O wsłuchanie się w głos naukowców i zdecydowane obniżenie kwot połowowych dla dorsza w Bałtyku zaapelowali w czwartek w Warszawie do europejskich ministrów środowiska przedstawiciele fundacji Mare, The Pew Charitable Trusts – Kampanii na rzecz zakończenia przełowienia i Oceanu.

– Ministrowie, decydując co roku o limitach połowów, powinni przestrzegać doradztwa naukowego, a w wielu przypadkach tego nie robią –  zauważyła podczas czwartkowego spotkania z przedstawicielami mediów doradca ds. rybołówstwa dla The Pew Charitable Trusts – Europejski Program Morski Justyna Zajchowska.

Minister gospodarki morskiej Marek Gróbarczyk powiedział w poniedziałek w Ustce (w czasie posiedzenia sejmowej komisji gospodarki morskiej i żeglugi śródlądowej), że niedopuszczalne jest zwiększenie kwot połowowych, szczególnie dla dorsza. Stanowisko Polski wsparły Szwecja, Litwa, Łotwa i Estonia.

– Dziś podstawowym obowiązkiem jest ochrona, obrona Bałtyku w świetle informacji docierających z UE, gdzie większość krajów nie chce obniżenia kwot połowowych, wręcz przeciwnie, żąda zwiększenia kwot, szczególnie dla dorsza –  tłumaczył wtedy Gróbarczyk. – Jest to niedopuszczalne (…), naszym głównym celem będzie zaapelowanie do krajów bałtyckich o rozsądek – dodał.

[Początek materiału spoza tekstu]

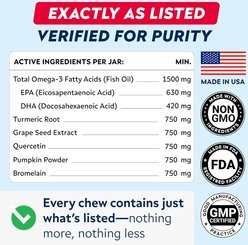 StrellaLab Allergy Relief & Anti Itch Relief with Omega 3 Skin & Coat Fish Oil Chew Supplement for Dogs, 180 count slide 2 of 7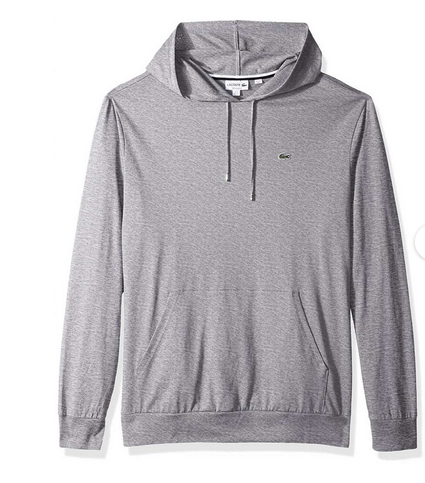Lacoste Men Long Sleeve Jersey Hoodie T Shirt Grey Small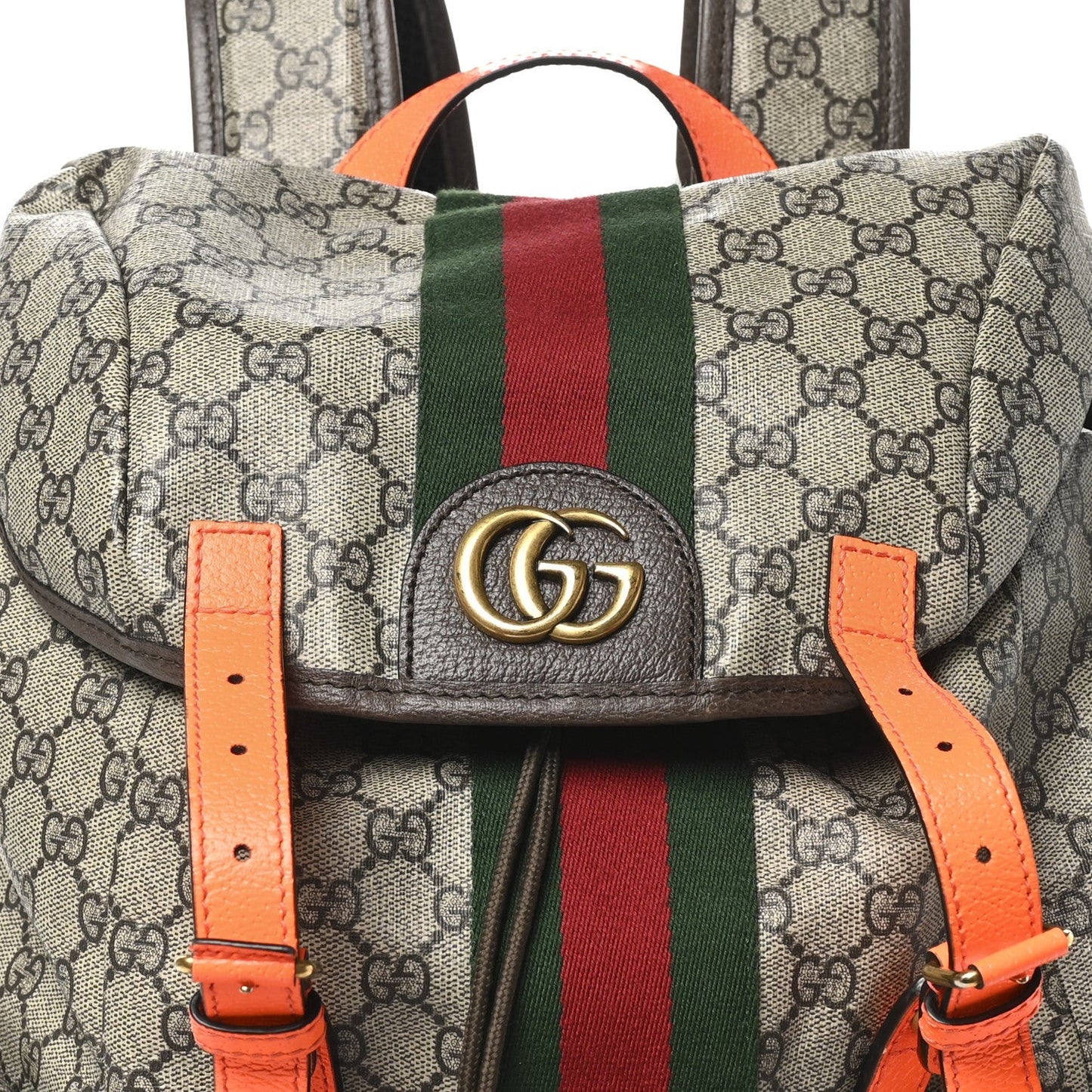 GG Supreme Monogram Medium Ophidia Double Buckle Backpack Beige Ebony Neon Orange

– To jest rozsądna decyzja. Powinniśmy się skupić, żeby wspierać ministra Gróbarczyka w tym, aby miał siłę i przekonał inne państwa członkowskie, aby tak zrobić – skomentowała w czwartek dla PAP Zajchowska. Celem ma być ochrona stad bałtyckich. Dodała, że potrzebna jest wspólna wola polityczna, aby zakończyć problem przełowienia dorsza. Przeciwko zmniejszeniu kwot połowu stoi Dania. – Teraz oczy są zwrócone na Danię. Presja powinna być na duńskiego ministra – zaznaczyła.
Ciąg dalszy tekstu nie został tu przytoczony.